- What the exercise asks -
Every line containing the string "Smart" should be returned from the records.
Top of Material shown
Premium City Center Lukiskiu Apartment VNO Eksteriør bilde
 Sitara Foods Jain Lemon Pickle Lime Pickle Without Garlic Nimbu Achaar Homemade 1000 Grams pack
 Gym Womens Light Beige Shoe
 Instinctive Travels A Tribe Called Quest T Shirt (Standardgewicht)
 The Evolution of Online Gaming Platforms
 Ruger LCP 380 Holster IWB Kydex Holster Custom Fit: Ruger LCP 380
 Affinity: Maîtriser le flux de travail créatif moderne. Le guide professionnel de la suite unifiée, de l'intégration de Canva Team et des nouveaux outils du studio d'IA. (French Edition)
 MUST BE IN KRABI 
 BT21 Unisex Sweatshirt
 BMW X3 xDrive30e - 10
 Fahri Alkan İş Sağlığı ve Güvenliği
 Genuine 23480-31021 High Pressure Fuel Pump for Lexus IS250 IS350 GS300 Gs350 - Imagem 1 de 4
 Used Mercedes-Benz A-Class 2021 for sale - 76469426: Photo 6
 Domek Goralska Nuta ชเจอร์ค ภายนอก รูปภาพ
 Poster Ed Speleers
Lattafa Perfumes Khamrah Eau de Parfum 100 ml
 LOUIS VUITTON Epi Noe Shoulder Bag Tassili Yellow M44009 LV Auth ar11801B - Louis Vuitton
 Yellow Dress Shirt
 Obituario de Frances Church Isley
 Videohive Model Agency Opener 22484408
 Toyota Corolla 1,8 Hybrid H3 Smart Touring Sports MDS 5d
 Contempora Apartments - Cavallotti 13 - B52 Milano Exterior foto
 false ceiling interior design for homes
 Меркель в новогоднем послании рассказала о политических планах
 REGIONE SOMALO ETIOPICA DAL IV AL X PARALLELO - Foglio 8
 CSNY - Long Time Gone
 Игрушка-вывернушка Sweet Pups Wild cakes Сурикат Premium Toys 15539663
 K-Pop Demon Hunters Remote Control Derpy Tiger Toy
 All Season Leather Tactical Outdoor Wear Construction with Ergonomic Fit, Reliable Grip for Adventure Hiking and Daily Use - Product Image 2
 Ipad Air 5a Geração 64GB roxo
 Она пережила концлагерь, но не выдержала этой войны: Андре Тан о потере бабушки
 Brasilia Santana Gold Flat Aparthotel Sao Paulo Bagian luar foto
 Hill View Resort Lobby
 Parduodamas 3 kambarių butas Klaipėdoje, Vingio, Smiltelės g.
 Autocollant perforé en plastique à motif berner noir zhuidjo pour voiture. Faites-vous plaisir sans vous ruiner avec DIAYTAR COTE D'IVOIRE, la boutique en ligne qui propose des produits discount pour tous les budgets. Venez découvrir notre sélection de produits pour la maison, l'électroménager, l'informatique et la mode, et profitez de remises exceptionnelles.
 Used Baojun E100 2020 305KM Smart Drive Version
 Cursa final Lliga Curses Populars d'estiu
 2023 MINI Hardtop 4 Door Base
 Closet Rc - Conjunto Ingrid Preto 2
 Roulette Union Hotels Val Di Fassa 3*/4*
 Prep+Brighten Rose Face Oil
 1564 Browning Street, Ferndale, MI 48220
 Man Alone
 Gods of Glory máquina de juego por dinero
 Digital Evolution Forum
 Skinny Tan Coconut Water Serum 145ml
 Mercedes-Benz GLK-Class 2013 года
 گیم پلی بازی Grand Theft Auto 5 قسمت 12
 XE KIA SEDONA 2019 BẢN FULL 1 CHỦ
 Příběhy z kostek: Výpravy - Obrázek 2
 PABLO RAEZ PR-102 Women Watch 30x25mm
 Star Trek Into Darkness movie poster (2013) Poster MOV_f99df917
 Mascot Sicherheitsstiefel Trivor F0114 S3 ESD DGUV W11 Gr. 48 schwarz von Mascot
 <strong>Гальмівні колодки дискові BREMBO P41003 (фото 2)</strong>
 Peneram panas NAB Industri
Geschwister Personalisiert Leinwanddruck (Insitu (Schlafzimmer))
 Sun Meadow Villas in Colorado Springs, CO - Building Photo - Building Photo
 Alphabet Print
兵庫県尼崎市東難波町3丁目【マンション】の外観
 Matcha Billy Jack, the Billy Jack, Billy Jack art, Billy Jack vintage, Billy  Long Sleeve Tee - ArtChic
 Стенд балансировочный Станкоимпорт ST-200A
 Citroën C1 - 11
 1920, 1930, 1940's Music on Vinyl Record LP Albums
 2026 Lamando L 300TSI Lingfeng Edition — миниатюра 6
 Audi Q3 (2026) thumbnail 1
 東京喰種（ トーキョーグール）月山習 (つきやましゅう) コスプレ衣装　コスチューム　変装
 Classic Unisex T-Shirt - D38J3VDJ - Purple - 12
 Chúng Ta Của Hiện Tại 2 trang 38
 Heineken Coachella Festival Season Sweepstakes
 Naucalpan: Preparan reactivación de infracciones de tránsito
Bottom of Material shown
- Output of the task -
 Toyota Corolla 1,8 Hybrid H3 Smart Touring Sports MDS 5d
 Used Baojun E100 2020 305KM Smart Drive Version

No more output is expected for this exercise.